• [Problem to solve]
For the data that follows, print the line with "情侶款｜螢火蟲系列 直條紋手繪藍花 短袖POLO衫-女5", the line with "Eco Leather View", and all lines between them, exactly as they stand. Omit pictures and add nothing.

• [Given information]
☆ ☆ ☆
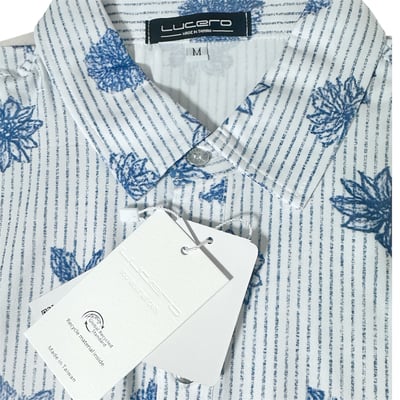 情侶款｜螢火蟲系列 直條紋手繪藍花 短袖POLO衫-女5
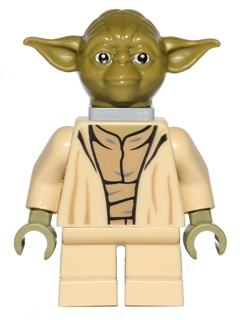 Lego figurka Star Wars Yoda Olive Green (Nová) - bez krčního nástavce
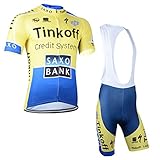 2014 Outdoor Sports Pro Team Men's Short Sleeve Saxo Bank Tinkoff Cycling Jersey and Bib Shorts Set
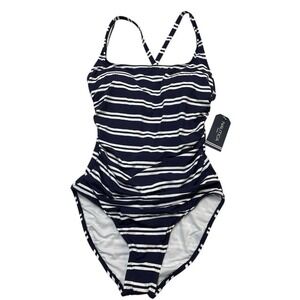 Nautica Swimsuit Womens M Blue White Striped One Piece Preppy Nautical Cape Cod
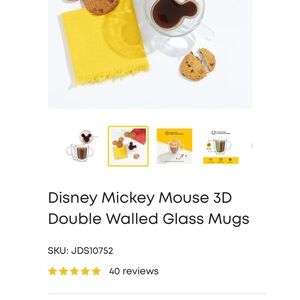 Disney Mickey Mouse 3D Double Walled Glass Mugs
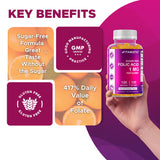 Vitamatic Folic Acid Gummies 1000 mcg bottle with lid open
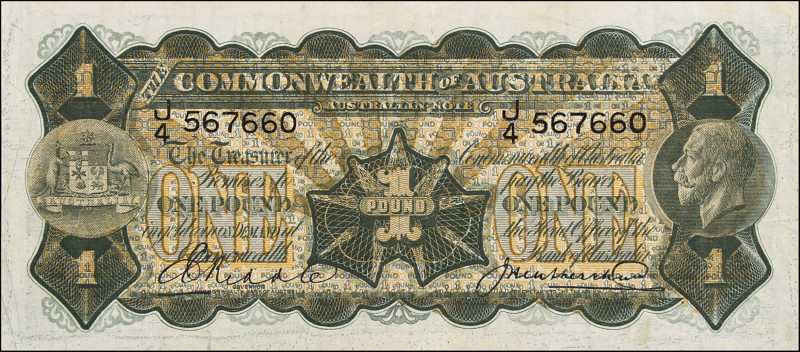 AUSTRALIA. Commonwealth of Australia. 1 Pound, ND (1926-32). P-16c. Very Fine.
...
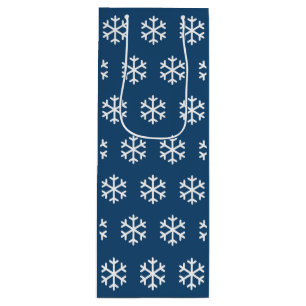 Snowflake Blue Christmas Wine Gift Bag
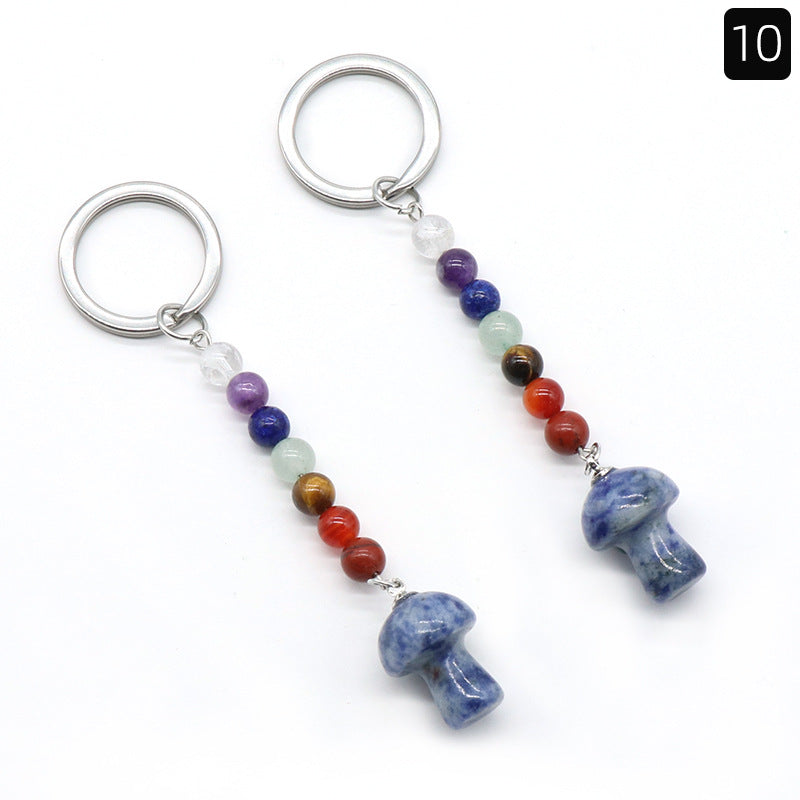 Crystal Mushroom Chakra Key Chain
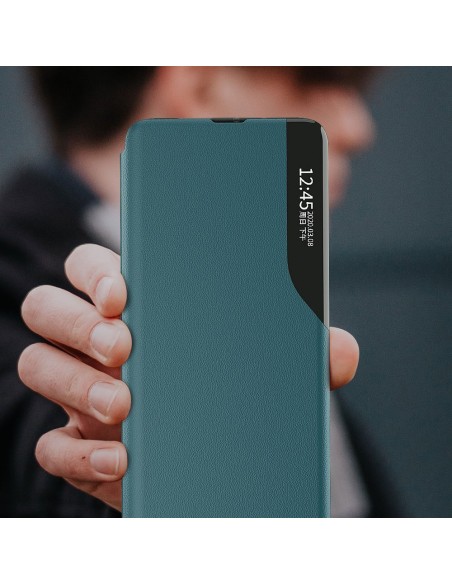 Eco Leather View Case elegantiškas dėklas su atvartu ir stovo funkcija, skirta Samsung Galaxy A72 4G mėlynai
☆ ☆ ☆
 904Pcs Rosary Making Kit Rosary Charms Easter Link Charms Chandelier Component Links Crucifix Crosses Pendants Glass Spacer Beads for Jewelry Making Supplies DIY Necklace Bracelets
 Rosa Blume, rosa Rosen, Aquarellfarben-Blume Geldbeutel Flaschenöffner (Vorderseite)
☆ ☆ ☆
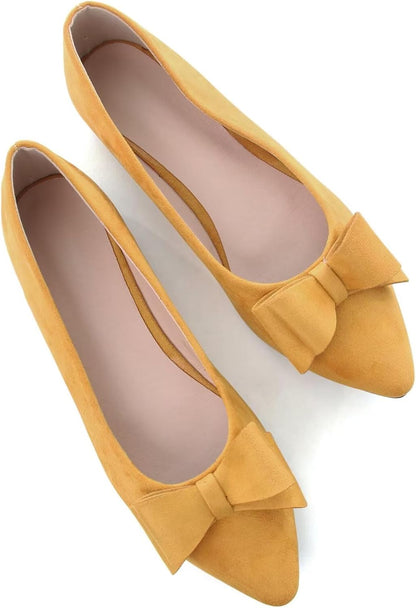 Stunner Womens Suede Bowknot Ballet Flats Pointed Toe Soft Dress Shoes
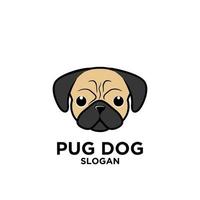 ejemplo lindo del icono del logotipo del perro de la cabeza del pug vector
☆ ☆ ☆
• [Answer below]
 情侶款｜螢火蟲系列 直條紋手繪藍花 短袖POLO衫-女5
 Lego figurka Star Wars Yoda Olive Green (Nová) - bez krčního nástavce
 2014 Outdoor Sports Pro Team Men's Short Sleeve Saxo Bank Tinkoff Cycling Jersey and Bib Shorts Set
 Nautica Swimsuit Womens M Blue White Striped One Piece Preppy Nautical Cape Cod
 Disney Mickey Mouse 3D Double Walled Glass Mugs
 Vitamatic Folic Acid Gummies 1000 mcg bottle with lid open
 AUSTRALIA. Commonwealth of Australia. 1 Pound, ND (1926-32). P-16c. Very Fine.
...
 Snowflake Blue Christmas Wine Gift Bag
 Crystal Mushroom Chakra Key Chain
 Eco Leather View Case elegantiškas dėklas su atvartu ir stovo funkcija, skirta Samsung Galaxy A72 4G mėlynai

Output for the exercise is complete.